Excerpts from a dataset:
==*==
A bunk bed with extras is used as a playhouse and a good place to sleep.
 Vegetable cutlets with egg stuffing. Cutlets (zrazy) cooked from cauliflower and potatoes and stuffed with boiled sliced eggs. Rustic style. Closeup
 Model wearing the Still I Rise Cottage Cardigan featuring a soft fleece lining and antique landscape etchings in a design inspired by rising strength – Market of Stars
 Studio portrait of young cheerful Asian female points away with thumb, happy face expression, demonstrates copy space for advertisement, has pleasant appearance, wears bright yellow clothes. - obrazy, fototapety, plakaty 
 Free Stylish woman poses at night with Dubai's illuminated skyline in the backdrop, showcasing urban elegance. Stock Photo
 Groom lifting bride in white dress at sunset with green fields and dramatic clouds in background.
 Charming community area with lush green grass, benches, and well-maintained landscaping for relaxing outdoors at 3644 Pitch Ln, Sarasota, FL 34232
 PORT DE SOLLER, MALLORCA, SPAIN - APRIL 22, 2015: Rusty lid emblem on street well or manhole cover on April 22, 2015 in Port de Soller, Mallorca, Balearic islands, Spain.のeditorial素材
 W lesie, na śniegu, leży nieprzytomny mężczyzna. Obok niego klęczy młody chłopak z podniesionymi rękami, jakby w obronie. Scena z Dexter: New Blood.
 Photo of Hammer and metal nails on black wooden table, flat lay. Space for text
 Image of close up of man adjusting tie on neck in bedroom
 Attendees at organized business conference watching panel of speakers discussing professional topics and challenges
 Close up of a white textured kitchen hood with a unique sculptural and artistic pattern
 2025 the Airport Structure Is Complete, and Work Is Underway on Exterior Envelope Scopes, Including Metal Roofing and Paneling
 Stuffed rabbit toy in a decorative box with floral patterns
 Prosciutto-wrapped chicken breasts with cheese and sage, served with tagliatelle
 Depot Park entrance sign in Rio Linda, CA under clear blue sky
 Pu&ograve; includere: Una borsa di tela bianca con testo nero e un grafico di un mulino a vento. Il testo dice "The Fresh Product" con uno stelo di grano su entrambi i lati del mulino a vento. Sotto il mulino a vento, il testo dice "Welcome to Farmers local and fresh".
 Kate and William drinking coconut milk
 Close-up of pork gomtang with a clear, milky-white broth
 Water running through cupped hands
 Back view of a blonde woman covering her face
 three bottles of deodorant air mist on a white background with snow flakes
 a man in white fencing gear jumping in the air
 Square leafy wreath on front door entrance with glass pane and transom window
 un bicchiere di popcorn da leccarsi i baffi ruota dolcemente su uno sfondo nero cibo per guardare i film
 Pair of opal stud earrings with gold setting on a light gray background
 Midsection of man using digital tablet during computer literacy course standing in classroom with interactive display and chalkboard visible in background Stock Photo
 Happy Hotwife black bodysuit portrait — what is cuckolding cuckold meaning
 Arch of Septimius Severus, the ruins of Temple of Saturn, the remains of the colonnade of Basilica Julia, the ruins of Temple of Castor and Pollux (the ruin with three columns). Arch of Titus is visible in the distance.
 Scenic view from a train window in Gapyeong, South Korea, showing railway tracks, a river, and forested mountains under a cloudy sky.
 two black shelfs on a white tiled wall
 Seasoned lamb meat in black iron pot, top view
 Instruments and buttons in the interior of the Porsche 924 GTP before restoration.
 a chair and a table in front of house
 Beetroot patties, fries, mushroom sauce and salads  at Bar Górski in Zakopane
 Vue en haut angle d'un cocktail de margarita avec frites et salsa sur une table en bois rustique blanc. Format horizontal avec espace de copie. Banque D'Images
==*==
Aim of the task: Your reply should consist of the records, copied exactly.

Solved problem:
A bunk bed with extras is used as a playhouse and a good place to sleep.
 Vegetable cutlets with egg stuffing. Cutlets (zrazy) cooked from cauliflower and potatoes and stuffed with boiled sliced eggs. Rustic style. Closeup
 Model wearing the Still I Rise Cottage Cardigan featuring a soft fleece lining and antique landscape etchings in a design inspired by rising strength – Market of Stars
 Studio portrait of young cheerful Asian female points away with thumb, happy face expression, demonstrates copy space for advertisement, has pleasant appearance, wears bright yellow clothes. - obrazy, fototapety, plakaty 
 Free Stylish woman poses at night with Dubai's illuminated skyline in the backdrop, showcasing urban elegance. Stock Photo
 Groom lifting bride in white dress at sunset with green fields and dramatic clouds in background.
 Charming community area with lush green grass, benches, and well-maintained landscaping for relaxing outdoors at 3644 Pitch Ln, Sarasota, FL 34232
 PORT DE SOLLER, MALLORCA, SPAIN - APRIL 22, 2015: Rusty lid emblem on street well or manhole cover on April 22, 2015 in Port de Soller, Mallorca, Balearic islands, Spain.のeditorial素材
 W lesie, na śniegu, leży nieprzytomny mężczyzna. Obok niego klęczy młody chłopak z podniesionymi rękami, jakby w obronie. Scena z Dexter: New Blood.
 Photo of Hammer and metal nails on black wooden table, flat lay. Space for text
 Image of close up of man adjusting tie on neck in bedroom
 Attendees at organized business conference watching panel of speakers discussing professional topics and challenges
 Close up of a white textured kitchen hood with a unique sculptural and artistic pattern
 2025 the Airport Structure Is Complete, and Work Is Underway on Exterior Envelope Scopes, Including Metal Roofing and Paneling
 Stuffed rabbit toy in a decorative box with floral patterns
 Prosciutto-wrapped chicken breasts with cheese and sage, served with tagliatelle
 Depot Park entrance sign in Rio Linda, CA under clear blue sky
 Pu&ograve; includere: Una borsa di tela bianca con testo nero e un grafico di un mulino a vento. Il testo dice "The Fresh Product" con uno stelo di grano su entrambi i lati del mulino a vento. Sotto il mulino a vento, il testo dice "Welcome to Farmers local and fresh".
 Kate and William drinking coconut milk
 Close-up of pork gomtang with a clear, milky-white broth
 Water running through cupped hands
 Back view of a blonde woman covering her face
 three bottles of deodorant air mist on a white background with snow flakes
 a man in white fencing gear jumping in the air
 Square leafy wreath on front door entrance with glass pane and transom window
 un bicchiere di popcorn da leccarsi i baffi ruota dolcemente su uno sfondo nero cibo per guardare i film
 Pair of opal stud earrings with gold setting on a light gray background
 Midsection of man using digital tablet during computer literacy course standing in classroom with interactive display and chalkboard visible in background Stock Photo
 Happy Hotwife black bodysuit portrait — what is cuckolding cuckold meaning
 Arch of Septimius Severus, the ruins of Temple of Saturn, the remains of the colonnade of Basilica Julia, the ruins of Temple of Castor and Pollux (the ruin with three columns). Arch of Titus is visible in the distance.
 Scenic view from a train window in Gapyeong, South Korea, showing railway tracks, a river, and forested mountains under a cloudy sky.
 two black shelfs on a white tiled wall
 Seasoned lamb meat in black iron pot, top view
 Instruments and buttons in the interior of the Porsche 924 GTP before restoration.
 a chair and a table in front of house
 Beetroot patties, fries, mushroom sauce and salads  at Bar Górski in Zakopane
 Vue en haut angle d'un cocktail de margarita avec frites et salsa sur une table en bois rustique blanc. Format horizontal avec espace de copie. Banque D'Images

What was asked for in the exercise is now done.